- _Assigned task_
Please give the listing again in full, leaving out its images.

--

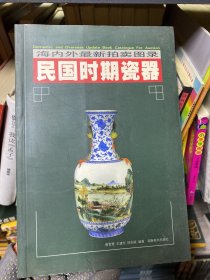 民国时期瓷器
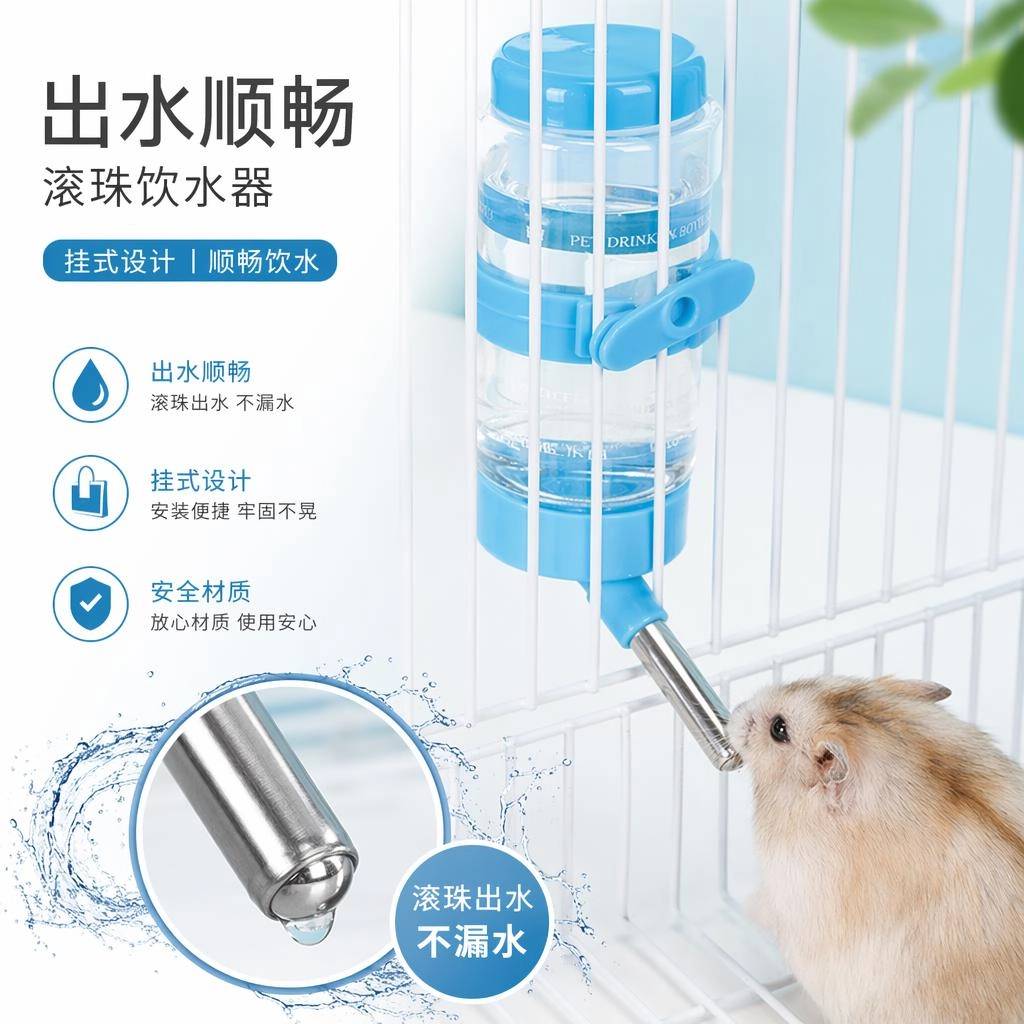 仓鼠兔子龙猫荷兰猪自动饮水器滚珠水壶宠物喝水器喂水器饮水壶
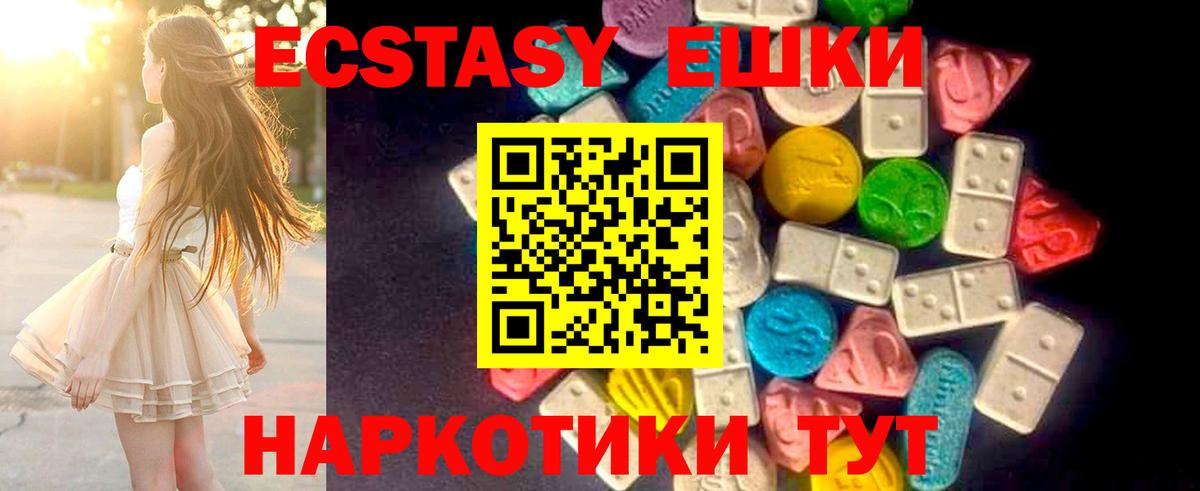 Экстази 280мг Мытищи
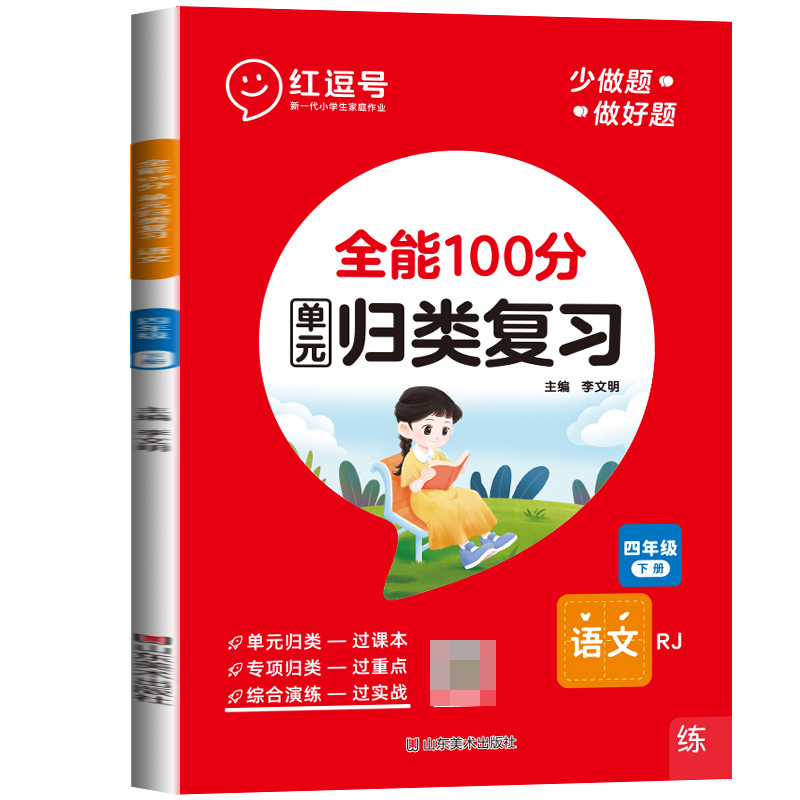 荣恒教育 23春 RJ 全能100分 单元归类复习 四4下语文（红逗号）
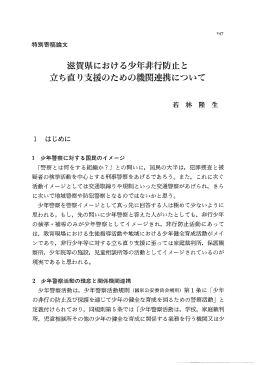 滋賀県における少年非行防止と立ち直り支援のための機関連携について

--

- _Solved problem_
 民国时期瓷器
 仓鼠兔子龙猫荷兰猪自动饮水器滚珠水壶宠物喝水器喂水器饮水壶
 Экстази 280мг Мытищи
 荣恒教育 23春 RJ 全能100分 单元归类复习 四4下语文（红逗号）
 滋賀県における少年非行防止と立ち直り支援のための機関連携について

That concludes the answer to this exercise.